Conclusion: Despite declining ASMR and ASDR over time, the absolute number of stroke deaths attributable to SHS continued to rise globally, imposing a considerable stroke burden worldwide. These findings can inform targeted interventions and policies aimed at SHS control.


Secondhand smoke (SHS) represents a significant public health issue globally, contributing to over 800,000 premature deaths annually as part of the global tobacco epidemic (1). There is substantial evidence exists that SHS inhalation can increase the risk of major diseases, including cardiovascular disease, cancer, and respiratory illnesses (24).
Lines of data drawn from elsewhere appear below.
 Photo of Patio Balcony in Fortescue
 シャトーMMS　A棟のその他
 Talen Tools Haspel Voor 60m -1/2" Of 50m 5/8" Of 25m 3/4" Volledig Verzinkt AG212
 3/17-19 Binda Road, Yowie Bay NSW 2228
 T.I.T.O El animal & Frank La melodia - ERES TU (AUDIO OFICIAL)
Notably, the health hazards from SHS exposure may be even more severe than from direct smoking, owing to the higher concentrations of toxic constituents in SHS (5). Although previous studies have validated the elevated stroke risk associated with SHS exposure, a comprehensive assessment quantifying the global disease burden of stroke specifically attributable to SHS has not yet been performed.

Stroke remains a leading cause of death and disability, with approximately 13 million cases occurring worldwide yearly (6). Exposure to SHS shows evidence potentially related to damage of endothelial cells and increased thrombosis, which may elevate the risk of stroke (7, 8). Controlling SHS exposure is expected to reduce the incidence of stroke, though data varies between countries and regions. Therefore, it is crucial to comprehensively assess the disease burden of stroke caused by SHS in various countries, which can support policies for SHS prevention and control.
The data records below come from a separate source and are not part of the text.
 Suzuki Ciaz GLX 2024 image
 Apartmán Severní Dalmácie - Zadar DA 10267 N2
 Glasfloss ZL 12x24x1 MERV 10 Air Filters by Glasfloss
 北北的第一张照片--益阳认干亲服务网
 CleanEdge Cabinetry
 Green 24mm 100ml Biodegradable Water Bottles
Utilizing data from the Global Burden of Disease (GBD) study, we conducted the first comprehensive evaluation of the stroke burden of stroke attributable to SHS in 204 countries and regions from 1990 to 2019. We also explored whether and how the SHS-related disease burden of stroke changes with factors like age, gender, stroke subtypes, regions, and the sociodemographic index (SDI).


Data source

This study utilized population and disease burden data collected from the 2019 GBD study, encompassing information on strokes and their subtypes [including intracerebral hemorrhage (ICH), ischemic stroke (IS), and subarachnoid hemorrhage (SAH)] attributable to SHS exposure across different countries, regions, and genders. The 204 countries and territories analyzed were categorized into five distinct regions based on their SDI levels: high, upper-middle, lower-middle, and low SDI regions. The SDI is a comprehensive indicator calculated based on the total fertility rate among females under 25 years of age, educational attainment among those aged 15 and above, and the lagged gross domestic product per capita. The SDI scale ranges from 0 to 1, with 0 representing the lowest development level and 1 representing the highest.
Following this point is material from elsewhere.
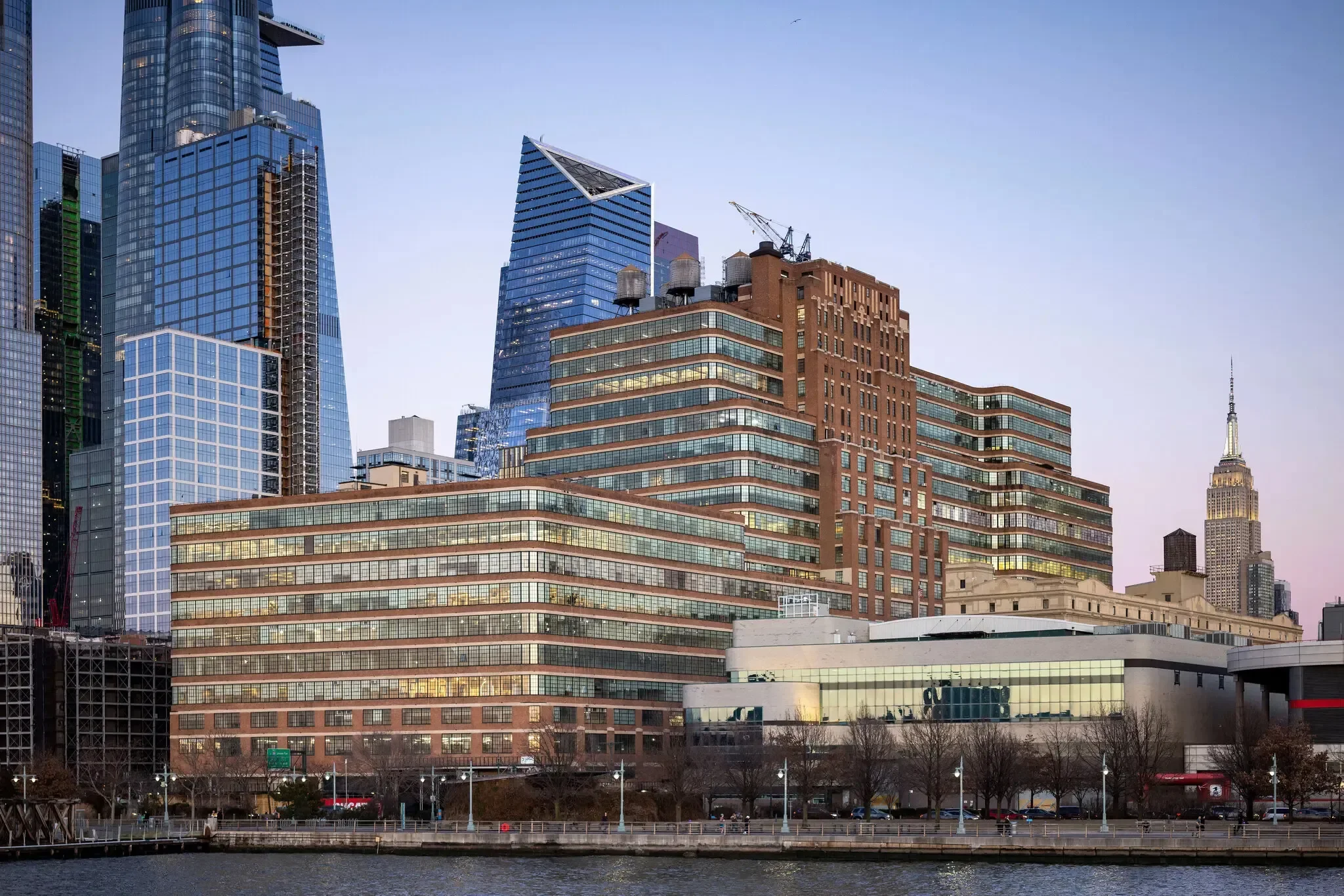NADA New York 2026 Art Fair. The 12th edition of NADA New York, the organization’s annual art fair championing galleries at the forefront of contemporary art. The fair will be held May 13–17, 2026 at The Starrett-Lehigh Building, located in West Chel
These countries were further divided into 21 regions based on geographical locations. Data analysis employed a stratified approach, dividing age into 15 distinct groups, including 14 groups with five-year age groups (ranging from 25 to 94) and one group covering individuals aged 95 and above.

Statistical analysis

The present study assessed the global burden of stroke attributable to SHS exposure, utilizing various metrics, including the number of deaths, age-standardized mortality rates (ASMR), and age-standardized disability-adjusted life years (DALYs) rates (ASDR), along with 95% uncertainty intervals (UI). Age-standardized rates (ASR) were calculated by standardizing for the global age structure, an essential step when comparing diverse populations across different geographic locations and periods. The estimated annual percentage changes (EAPC) were computed as 100 × (exp(β)−1), with 95% confidence intervals (CI) derived from the linear regression model. An increasing ASR trend was defined as an EAPC estimate with a lower 95% CI boundary >0, while a decreasing ASR was defined as an EAPC estimate with an upper 95% CI boundary <0. Statistical analyses were performed in R-Studio version 4.1.2, with statistical significance at p < 0.05. Detailed research methodology has been documented in prior publications (6, 9, 10).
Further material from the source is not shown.